___ DATASET ENTRIES

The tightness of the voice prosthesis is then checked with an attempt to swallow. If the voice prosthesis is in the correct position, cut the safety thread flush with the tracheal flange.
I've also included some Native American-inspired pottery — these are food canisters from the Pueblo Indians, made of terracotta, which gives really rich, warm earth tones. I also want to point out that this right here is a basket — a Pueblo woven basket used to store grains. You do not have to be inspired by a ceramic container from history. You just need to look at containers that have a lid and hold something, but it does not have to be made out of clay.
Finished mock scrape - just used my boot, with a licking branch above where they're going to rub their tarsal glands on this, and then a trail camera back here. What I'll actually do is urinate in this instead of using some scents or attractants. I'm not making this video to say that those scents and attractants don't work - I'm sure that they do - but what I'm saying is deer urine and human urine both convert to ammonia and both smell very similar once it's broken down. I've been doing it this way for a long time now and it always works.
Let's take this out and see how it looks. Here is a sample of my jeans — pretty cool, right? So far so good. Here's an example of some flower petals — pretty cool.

______
___ DATASET ENTRIES

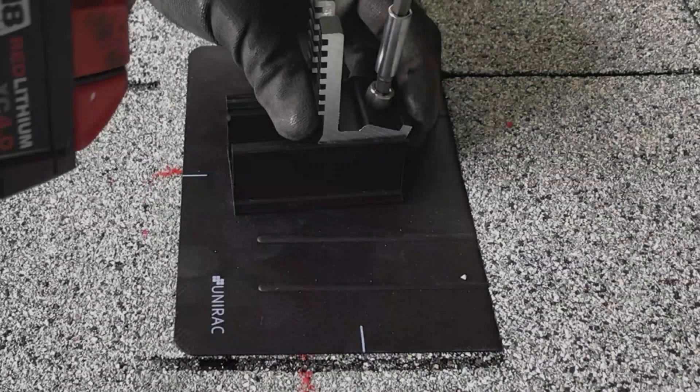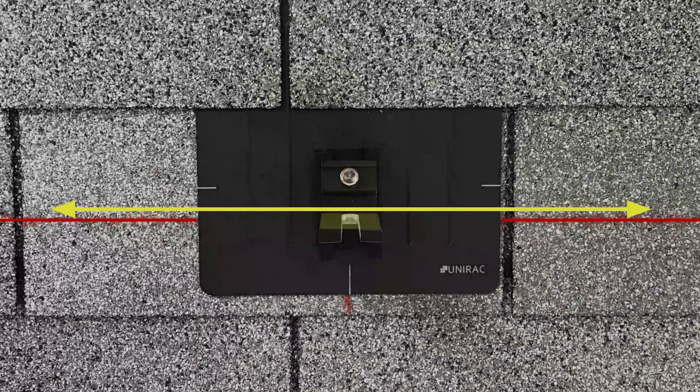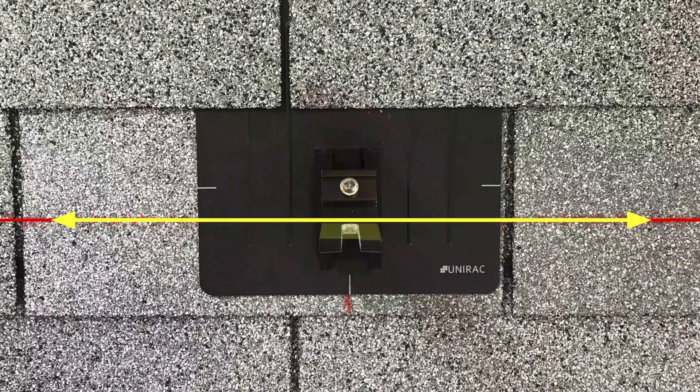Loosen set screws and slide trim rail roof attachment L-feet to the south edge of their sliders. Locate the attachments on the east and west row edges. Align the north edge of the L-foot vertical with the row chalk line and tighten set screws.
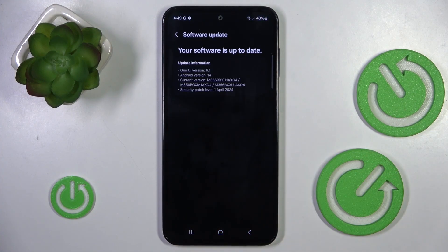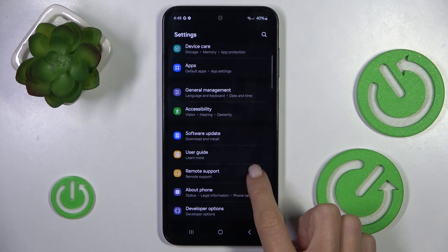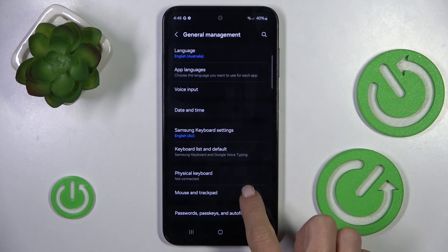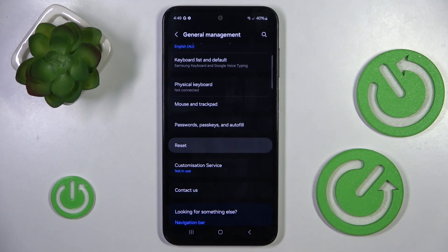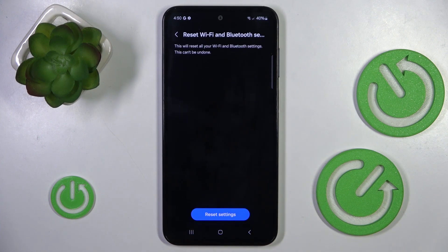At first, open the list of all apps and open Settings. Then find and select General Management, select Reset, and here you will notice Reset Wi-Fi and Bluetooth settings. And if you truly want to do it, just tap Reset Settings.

______
___ DATASET ENTRIES

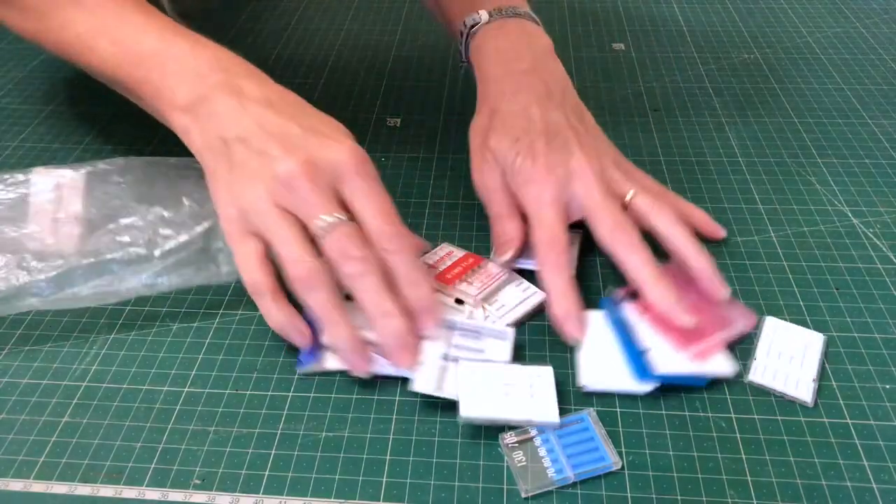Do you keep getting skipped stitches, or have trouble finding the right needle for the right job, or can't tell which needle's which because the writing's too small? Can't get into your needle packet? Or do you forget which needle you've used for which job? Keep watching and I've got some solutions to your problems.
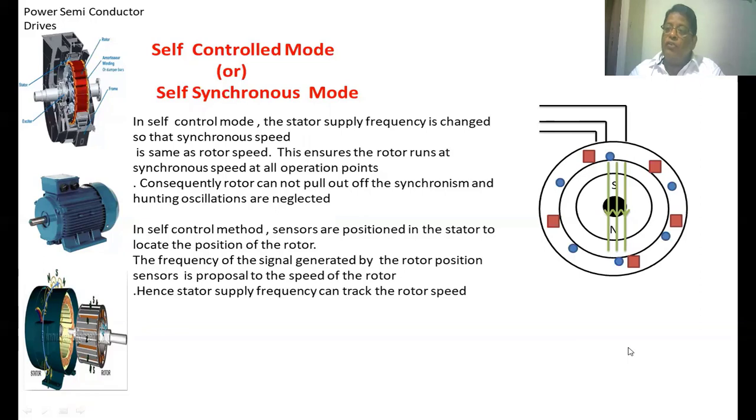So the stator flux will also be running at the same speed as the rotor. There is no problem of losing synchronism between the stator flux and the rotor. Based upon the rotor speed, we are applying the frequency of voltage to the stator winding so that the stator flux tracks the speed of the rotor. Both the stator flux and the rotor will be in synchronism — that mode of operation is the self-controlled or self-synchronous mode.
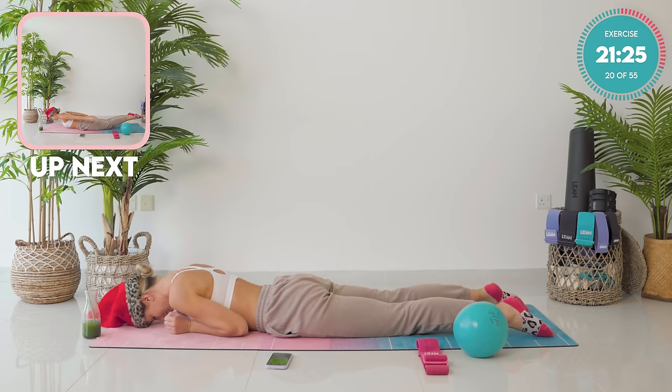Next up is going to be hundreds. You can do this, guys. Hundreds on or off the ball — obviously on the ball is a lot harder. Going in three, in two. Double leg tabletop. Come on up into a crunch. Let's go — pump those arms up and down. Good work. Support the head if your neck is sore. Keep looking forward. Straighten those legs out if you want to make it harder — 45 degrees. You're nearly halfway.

______

BRIEF:
Above are the records. Print exactly, and only, the lines from the line with "The tightness of" to the line with "I've also included", both inclusive.

RESULT OF THIS TASK:
The tightness of the voice prosthesis is then checked with an attempt to swallow. If the voice prosthesis is in the correct position, cut the safety thread flush with the tracheal flange.
I've also included some Native American-inspired pottery — these are food canisters from the Pueblo Indians, made of terracotta, which gives really rich, warm earth tones. I also want to point out that this right here is a basket — a Pueblo woven basket used to store grains. You do not have to be inspired by a ceramic container from history. You just need to look at containers that have a lid and hold something, but it does not have to be made out of clay.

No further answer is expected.